If we were to use this class "normally", meaning without fancy reflection techniques, it is impossible to put anything other than an Integer into the integers collection:

TypeErasureBean bean = new TypeErasureBean();
bean.getIntegers().add(1);
bean.getIntegers().add(2);
bean.getIntegers().add("three"); // invalid!

The compiler is happy as long as you play nice. It rewards you by making casting unnecessary when pulling items out of the collection:

for (Integer i : bean.getIntegers() {
    System.out.println("integer value: " + i);
}

The trouble is, the compiler allows you to be mean and nasty by unleashing reflection on the collection. Let's sidestep the type safety and put a String into the collection using a reflective method invocation:

TypeErasureBean bean = new TypeErasureBean();
bean.getIntegers().add(1);
bean.getIntegers().add(2);
Class listClass = bean.getIntegers().getClass();
Method method = listClass.getMethod("add", Object.class);
method.invoke(bean.getIntegers(), "three");

Now the collection contains a String value, but it doesn't realize it. Actually, it's that the type-erased list just doesn't care. Worse, because we passed the compiler's check, it doesn't have a problem with us making the assumption that the collection contains only Integer values. Thus, when we try to use the for loop this time, we are scolded with a ClassCastException:

integer value: 1
integer value: 2
Exception in thread "main" java.lang.ClassCastException:
  java.lang.String cannot be cast to java.lang.Integer

Clearly, this sucks. We get a false sense of type safety. Things get even uglier when using a language like Groovy. Such an environment doesn't even require us to go as far as using reflection, since Groovy will graciously step in that mud for us:

TypeErasureBean bean = new TypeErasureBean()
bean.integers = [1, 3, "three"]
bean.integers.each {
    Integer i = it // ClassCastException on third entry
}

Perhaps we were better off before when we had to double-check our assumptions using the instanceof operator when pulling objects out of a collection. At least then we knew the collection was potentially wild-west.

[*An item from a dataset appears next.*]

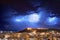 Cagliari panorama at night with lightning strikes behind the city. Lightning storm on night sky, over the city.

So why would I say that this is the best we have ever had? The reasons are simple. First and foremost, generics document the item type that belongs in a collection. Strong-typing is a much better way to state intent then relying on the descriptiveness of a property name. Granted, it is possible that this truth is false, but 99% of the time it won't be false, and even then, proper use of unit testing can get us to 100%.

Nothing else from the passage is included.